Question

We have got a custom MembershipProvider in ASP.NET. Now there are 2 possible scenario the user can be validated:

  1. User login via login.aspx page by entering his username/password. I have used Login control and linked it with the MyMembershipProvider. This is working perfectly fine.

  2. An authentication token is passed via some URL in query string form a different web sites. For this I have one overload in MembershipProvider.Validate(string authenticationToken), which is actually validating the user. In this case we cannot use the Login control. Now how can I use the same MembershipProvider to validate the user without actually using the Login control? I tried to call Validate manually, but this is not signing the user in.

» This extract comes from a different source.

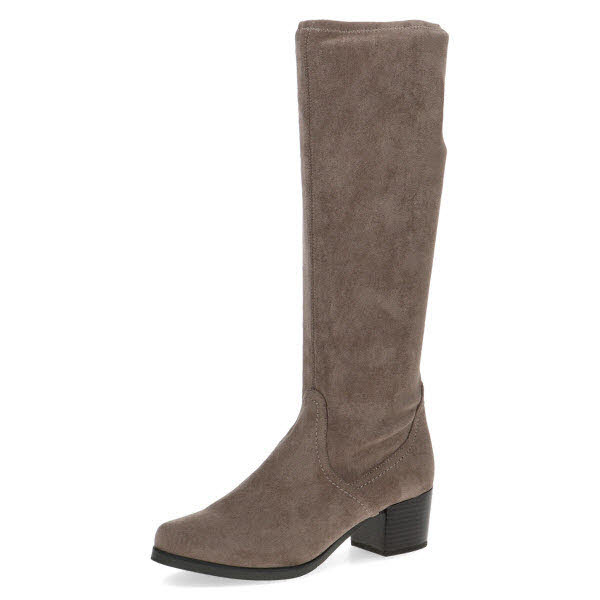 Caprice Stiefel Taupe - Bild 1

Here is the code snippet I am using

if (!string.IsNullOrEmpty(Request.QueryString["authenticationToken"])) {
    string ticket = Request.QueryString["authenticationToken"];
    MyMembershipProvider provider = Membership.Provider as MyMembershipProvider;
    if (provider != null) {
        if (provider.ValidateUser(ticket))
            // Login Success
        else
            // Login Fail
    }
}
Was it helpful?

Solution

After validation is successful, you need to sign in the user, by calling FormsAuthentication.Authenticate: http://msdn.microsoft.com/en-us/library/system.web.security.formsauthentication.authenticate.aspx

EDIT: It is FormsAuthentication.SetAuthCookie: http://msdn.microsoft.com/en-us/library/twk5762b.aspx

Also, to redirect the user back where he wanted to go, call: FormsAuthentication.RedirectFromLoginPage: http://msdn.microsoft.com/en-us/library/system.web.security.formsauthentication.redirectfromloginpage.aspx

link text

OTHER TIPS

You can set your own FormsAuthenticationTicket if the validation is successful.

Something like this;

if (provider != null) {
    if (provider.ValidateUser(ticket)) {
        // Login Success
        FormsAuthenticationTicket authTicket = new FormsAuthenticationTicket(
            1, //version
            someUserName, //name
            DateTime.Now, //issue date
            DateTime.Now.AddMinutes(lengthOfSession), //expiration
            false, // persistence of login
            FormsAuthentication.FormsCookiePath
        );

        //encrypt the ticket
        string hash = FormsAuthentication.Encrypt(authTicket);
        HttpCookie cookie = new HttpCookie(FormsAuthentication.FormsCookieName, hash);

        Response.Cookies.Add(cookie);
        Response.Redirect(url where you want the user to land);
    } else {
        // Login Fail  
    }   
}

You are right in the case of storing the auth information as a cookie directly. But using a strong hash function (e.g. MD5 + SHA1) is great and secure. By the way, if you use sessions (which is also just a hash cookie) you could attach auth information to it.